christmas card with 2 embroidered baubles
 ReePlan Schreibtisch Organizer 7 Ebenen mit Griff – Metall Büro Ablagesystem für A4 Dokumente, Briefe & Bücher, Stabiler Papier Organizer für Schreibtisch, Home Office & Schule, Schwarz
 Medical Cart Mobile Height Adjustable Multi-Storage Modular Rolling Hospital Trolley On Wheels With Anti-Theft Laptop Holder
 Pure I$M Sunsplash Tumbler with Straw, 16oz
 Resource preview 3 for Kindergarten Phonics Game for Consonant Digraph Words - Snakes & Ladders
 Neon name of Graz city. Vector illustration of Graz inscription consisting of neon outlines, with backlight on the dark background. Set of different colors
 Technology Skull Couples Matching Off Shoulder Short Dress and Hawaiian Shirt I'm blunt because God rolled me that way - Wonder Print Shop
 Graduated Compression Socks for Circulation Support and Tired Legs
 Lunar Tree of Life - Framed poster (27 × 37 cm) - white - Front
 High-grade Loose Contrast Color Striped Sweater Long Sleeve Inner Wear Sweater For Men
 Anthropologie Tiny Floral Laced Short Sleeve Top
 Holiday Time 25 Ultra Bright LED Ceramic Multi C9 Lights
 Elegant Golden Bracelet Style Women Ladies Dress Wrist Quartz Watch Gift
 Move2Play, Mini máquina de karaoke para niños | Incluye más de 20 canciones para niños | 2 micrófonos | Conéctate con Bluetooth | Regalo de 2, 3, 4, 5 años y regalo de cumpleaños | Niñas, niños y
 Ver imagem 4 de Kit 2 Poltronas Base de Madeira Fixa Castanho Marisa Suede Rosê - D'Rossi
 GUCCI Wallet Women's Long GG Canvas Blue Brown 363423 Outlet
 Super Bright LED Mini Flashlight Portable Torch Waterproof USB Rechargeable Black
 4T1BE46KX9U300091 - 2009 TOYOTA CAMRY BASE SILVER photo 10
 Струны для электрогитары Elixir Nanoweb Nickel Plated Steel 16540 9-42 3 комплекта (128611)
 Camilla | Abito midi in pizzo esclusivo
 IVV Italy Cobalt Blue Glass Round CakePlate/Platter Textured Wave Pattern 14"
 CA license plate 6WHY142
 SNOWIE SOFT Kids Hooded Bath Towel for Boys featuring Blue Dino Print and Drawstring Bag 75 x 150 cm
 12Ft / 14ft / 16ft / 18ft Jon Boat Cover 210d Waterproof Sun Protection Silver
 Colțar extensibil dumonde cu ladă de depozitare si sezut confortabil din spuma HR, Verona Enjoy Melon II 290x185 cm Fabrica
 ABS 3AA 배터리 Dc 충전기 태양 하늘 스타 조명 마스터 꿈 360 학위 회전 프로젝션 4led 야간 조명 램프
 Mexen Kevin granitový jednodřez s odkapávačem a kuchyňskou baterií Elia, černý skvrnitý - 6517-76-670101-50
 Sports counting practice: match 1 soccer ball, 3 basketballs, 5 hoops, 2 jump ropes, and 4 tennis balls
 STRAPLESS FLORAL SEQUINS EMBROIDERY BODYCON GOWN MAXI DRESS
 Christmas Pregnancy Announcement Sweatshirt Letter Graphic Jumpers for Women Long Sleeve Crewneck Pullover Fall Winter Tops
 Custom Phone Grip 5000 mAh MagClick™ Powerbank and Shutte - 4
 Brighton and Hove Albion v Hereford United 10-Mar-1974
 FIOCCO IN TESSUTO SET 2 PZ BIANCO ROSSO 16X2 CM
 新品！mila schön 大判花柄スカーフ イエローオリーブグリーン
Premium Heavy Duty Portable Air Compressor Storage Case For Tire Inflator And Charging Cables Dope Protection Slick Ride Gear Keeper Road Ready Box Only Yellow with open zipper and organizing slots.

:: Task details ::
After locating the line that contains "Medical Cart Mobile", please copy exactly every line from the start of the records through it, and nothing else.

:: Exercise result ::
christmas card with 2 embroidered baubles
 ReePlan Schreibtisch Organizer 7 Ebenen mit Griff – Metall Büro Ablagesystem für A4 Dokumente, Briefe & Bücher, Stabiler Papier Organizer für Schreibtisch, Home Office & Schule, Schwarz
 Medical Cart Mobile Height Adjustable Multi-Storage Modular Rolling Hospital Trolley On Wheels With Anti-Theft Laptop Holder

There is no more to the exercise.